Hi Jan,
On 2017/3/13 23:14, Jan Kara wrote:
> blkdev_open() may race with gendisk shutdown in two different ways.
> Either del_gendisk() has already unhashed block device inode (and thus
> bd_acquire() will end up creating new block device inode) however
> gen_gendisk() will still return the gendisk that is being destroyed.
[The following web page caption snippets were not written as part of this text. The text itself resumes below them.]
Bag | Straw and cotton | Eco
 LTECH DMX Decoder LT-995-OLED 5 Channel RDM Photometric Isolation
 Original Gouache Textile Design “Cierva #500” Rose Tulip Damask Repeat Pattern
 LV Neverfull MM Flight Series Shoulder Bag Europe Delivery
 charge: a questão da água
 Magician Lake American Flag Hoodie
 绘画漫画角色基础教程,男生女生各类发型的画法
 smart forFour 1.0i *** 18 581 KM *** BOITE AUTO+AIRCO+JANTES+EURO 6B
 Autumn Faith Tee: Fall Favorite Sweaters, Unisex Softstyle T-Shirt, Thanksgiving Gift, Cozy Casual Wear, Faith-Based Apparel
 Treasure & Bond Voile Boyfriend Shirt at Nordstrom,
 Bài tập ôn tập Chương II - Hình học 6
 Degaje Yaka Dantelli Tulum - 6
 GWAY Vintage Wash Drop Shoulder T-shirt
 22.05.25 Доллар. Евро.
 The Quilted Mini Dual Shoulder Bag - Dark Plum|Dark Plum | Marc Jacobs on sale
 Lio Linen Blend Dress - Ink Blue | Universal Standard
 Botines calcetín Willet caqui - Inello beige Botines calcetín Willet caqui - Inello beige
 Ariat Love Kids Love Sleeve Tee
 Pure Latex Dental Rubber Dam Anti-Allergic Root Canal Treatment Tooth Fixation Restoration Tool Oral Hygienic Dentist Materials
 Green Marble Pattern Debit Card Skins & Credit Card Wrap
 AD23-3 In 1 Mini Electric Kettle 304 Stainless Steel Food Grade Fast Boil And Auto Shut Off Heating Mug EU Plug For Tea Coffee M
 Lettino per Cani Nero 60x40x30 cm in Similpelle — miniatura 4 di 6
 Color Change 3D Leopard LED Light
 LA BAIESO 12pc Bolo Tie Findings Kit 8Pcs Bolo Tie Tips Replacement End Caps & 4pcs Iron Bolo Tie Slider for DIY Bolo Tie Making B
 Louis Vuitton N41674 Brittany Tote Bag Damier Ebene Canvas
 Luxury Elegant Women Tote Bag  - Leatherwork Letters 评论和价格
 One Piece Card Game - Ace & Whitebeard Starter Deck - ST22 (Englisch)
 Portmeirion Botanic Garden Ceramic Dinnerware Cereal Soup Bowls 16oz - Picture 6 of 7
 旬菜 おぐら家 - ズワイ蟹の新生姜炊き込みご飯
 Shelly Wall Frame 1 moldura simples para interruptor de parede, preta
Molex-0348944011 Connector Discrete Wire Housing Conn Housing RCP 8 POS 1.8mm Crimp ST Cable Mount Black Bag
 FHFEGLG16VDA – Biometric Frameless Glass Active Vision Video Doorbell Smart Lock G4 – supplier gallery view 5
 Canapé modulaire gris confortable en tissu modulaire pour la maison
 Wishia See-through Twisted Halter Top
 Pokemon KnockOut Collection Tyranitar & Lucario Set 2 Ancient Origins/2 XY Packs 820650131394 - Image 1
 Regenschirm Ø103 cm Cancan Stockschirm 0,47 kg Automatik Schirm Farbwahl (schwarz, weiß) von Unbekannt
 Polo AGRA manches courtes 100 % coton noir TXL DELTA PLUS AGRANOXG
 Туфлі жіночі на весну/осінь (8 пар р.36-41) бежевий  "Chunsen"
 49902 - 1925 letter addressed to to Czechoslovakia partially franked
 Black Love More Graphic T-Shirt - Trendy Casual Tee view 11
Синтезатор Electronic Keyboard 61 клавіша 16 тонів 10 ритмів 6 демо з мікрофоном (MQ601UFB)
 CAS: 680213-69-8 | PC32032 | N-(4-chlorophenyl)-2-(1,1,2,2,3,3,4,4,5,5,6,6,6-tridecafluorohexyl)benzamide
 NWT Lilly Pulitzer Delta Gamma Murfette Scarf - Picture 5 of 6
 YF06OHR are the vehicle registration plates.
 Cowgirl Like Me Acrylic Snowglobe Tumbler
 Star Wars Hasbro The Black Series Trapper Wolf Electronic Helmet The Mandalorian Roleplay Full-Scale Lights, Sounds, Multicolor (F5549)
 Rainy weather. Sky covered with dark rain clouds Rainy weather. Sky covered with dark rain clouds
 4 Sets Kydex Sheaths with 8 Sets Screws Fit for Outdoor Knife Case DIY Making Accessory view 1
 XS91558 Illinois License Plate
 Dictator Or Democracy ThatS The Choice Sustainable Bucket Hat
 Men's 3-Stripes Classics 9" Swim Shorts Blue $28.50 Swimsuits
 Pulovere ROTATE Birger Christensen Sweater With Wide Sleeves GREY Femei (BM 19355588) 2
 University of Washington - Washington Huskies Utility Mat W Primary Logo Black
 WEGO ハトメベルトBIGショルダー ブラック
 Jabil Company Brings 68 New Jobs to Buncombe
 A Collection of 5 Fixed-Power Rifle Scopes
> Or bdev returned by bd_acquire() will get unhashed and gendisk destroyed
> before we get to get_gendisk() and get_gendisk() will return new gendisk
> that got allocated for device that reused the device number.
>
> In both cases this will result in possible inconsistencies between
> bdev->bd_disk and bdev->bd_bdi (in the first case after gendisk gets
> destroyed and device number reused, in the second case immediately).
> Fix the problem by checking whether the gendisk is still alive and inode
> hashed when associating bdev inode with it and its bdi. That way we are
> sure that we will not associate bdev inode with disk that got past
> blk_unregister_region() in del_gendisk() (and thus device number can get
> reused). Similarly, we will not associate bdev that was once associated
> with gendisk that is going away (and thus the corresponding bdev inode
> will get unhashed in del_gendisk()) with a new gendisk that is just
> reusing the device number.
I have run some extended tests based on Omar Sandoval's script [1] these days,
and found two new problems related with the race between bdev open and gendisk
shutdown.
The first problem lies in __blkdev_get(), and will cause use-after-free, or
worse oops. It happens because there may be two instances of gendisk related
with one bdev. When the process which owns the newer gendisk completes the
invocation of __blkdev_get() firstly, the other process which owns the older
gendisk will put the last reference of the older gendisk and cause
use-after-free.
The following call sequences illustrate the problem:
unhash the bdev_inode of /dev/sda
process A (blkdev_open()):
bd_acquire() returns new bdev_inode of /dev/sda
get_gendisk() returns gendisk (v1 gendisk)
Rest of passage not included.